_Action item_
Print the line containing "Men's 6-Pack Waffle" and all lines after it, unchanged, through the end of the data. Leave the pictures out.

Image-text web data
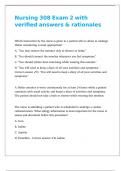 Nursing 308 Exam 2 with verified answers & rationales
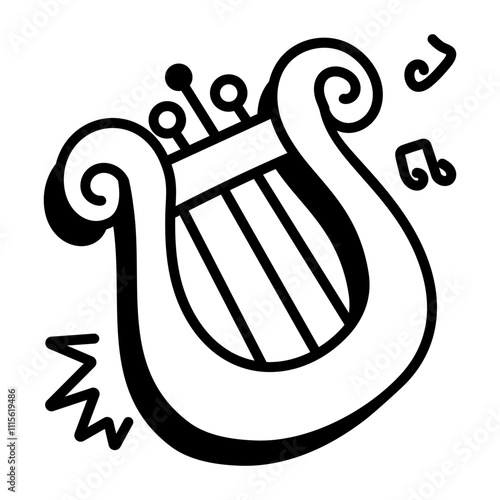 A hand drawn icon of lyre instrument 

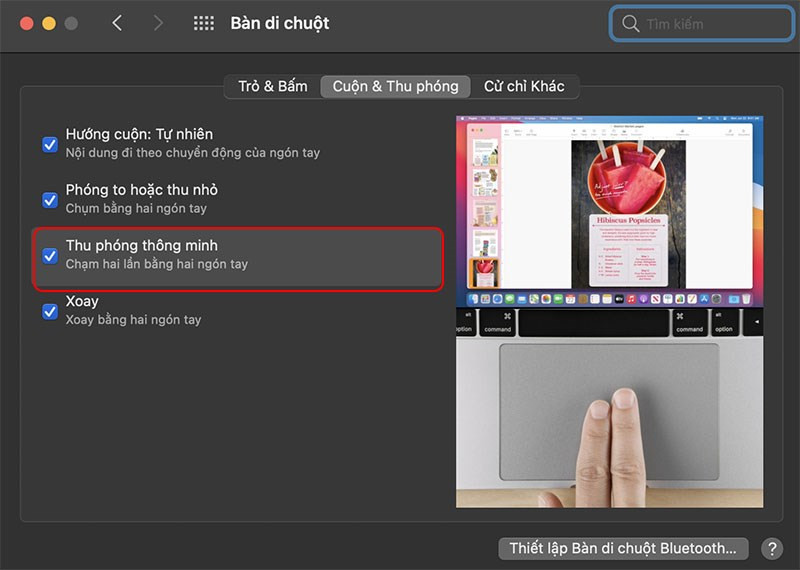 alt text: Minh họa thao tác Smart Zoom trên Trackpad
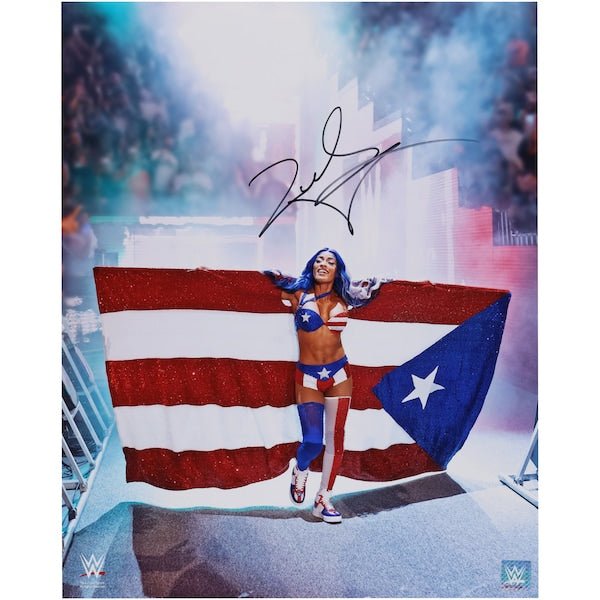 Zelina Vega WWE Autographed Fanatics Authentic 16" x 20" 2023 Backlash Entrance with Flag Photograph - The Ballers Bank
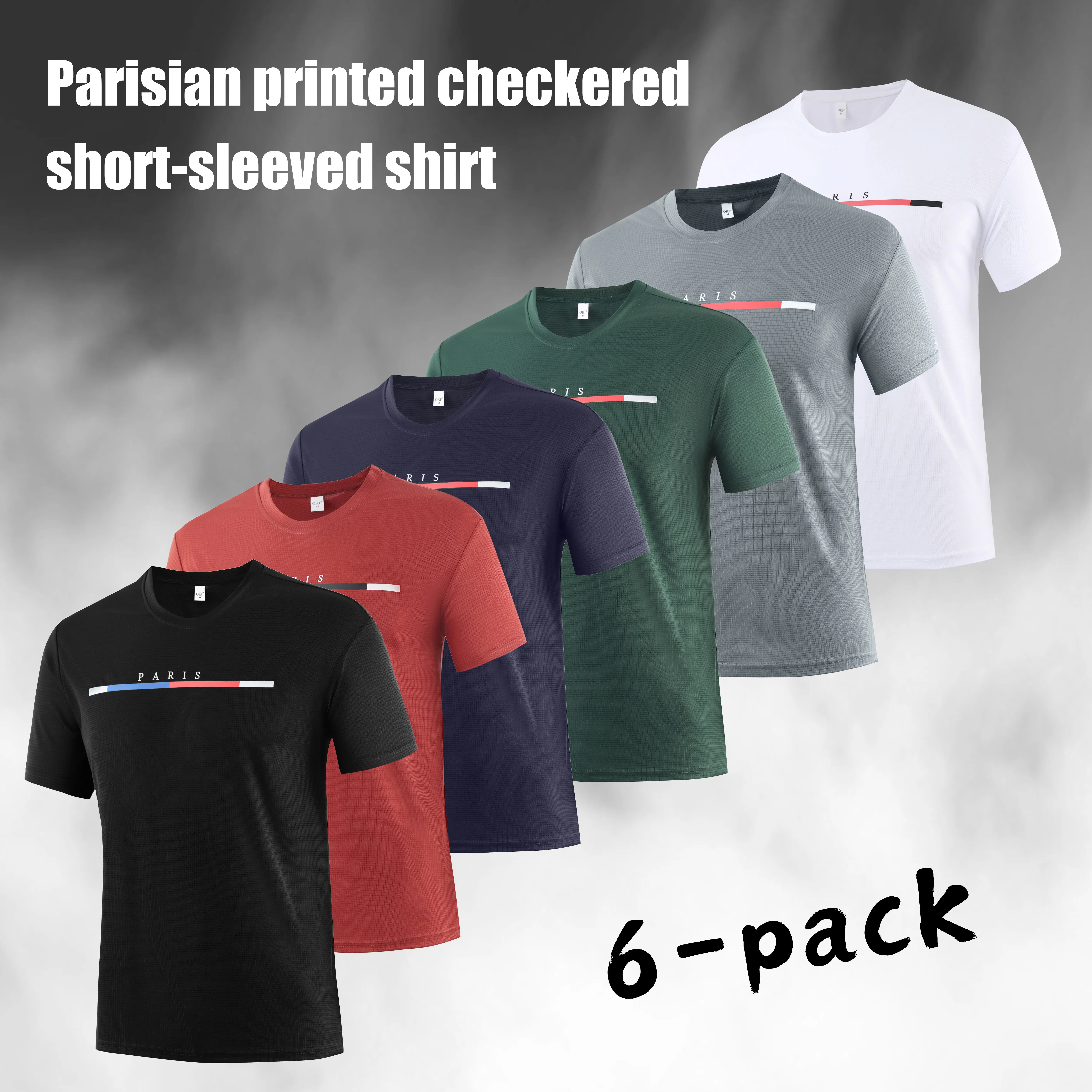 Men's 6-Pack Waffle Knit Polyester T-Shirts - Minimalist Paris Stripe Accent, Moisture Wicking, Athletic Fit Basic Fabric Tees for Gym Athleisure, Summer Outfits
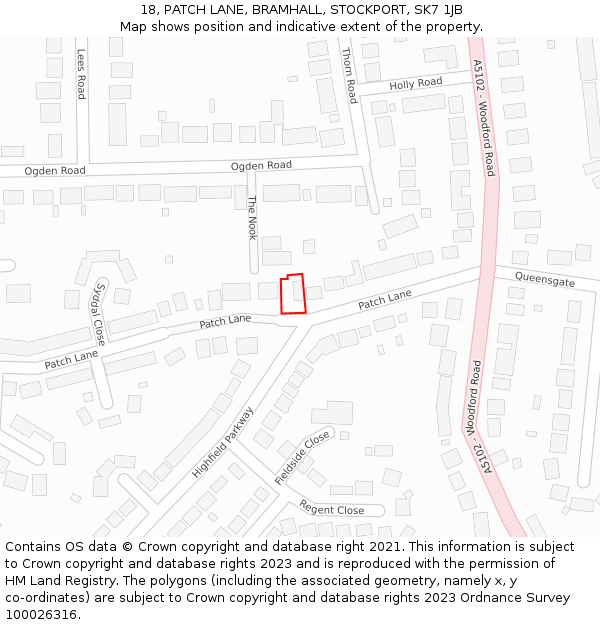 18, PATCH LANE, BRAMHALL, STOCKPORT, SK7 1JB: Location map and indicative extent of plot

_Exercise solution_
 Men's 6-Pack Waffle Knit Polyester T-Shirts - Minimalist Paris Stripe Accent, Moisture Wicking, Athletic Fit Basic Fabric Tees for Gym Athleisure, Summer Outfits
 18, PATCH LANE, BRAMHALL, STOCKPORT, SK7 1JB: Location map and indicative extent of plot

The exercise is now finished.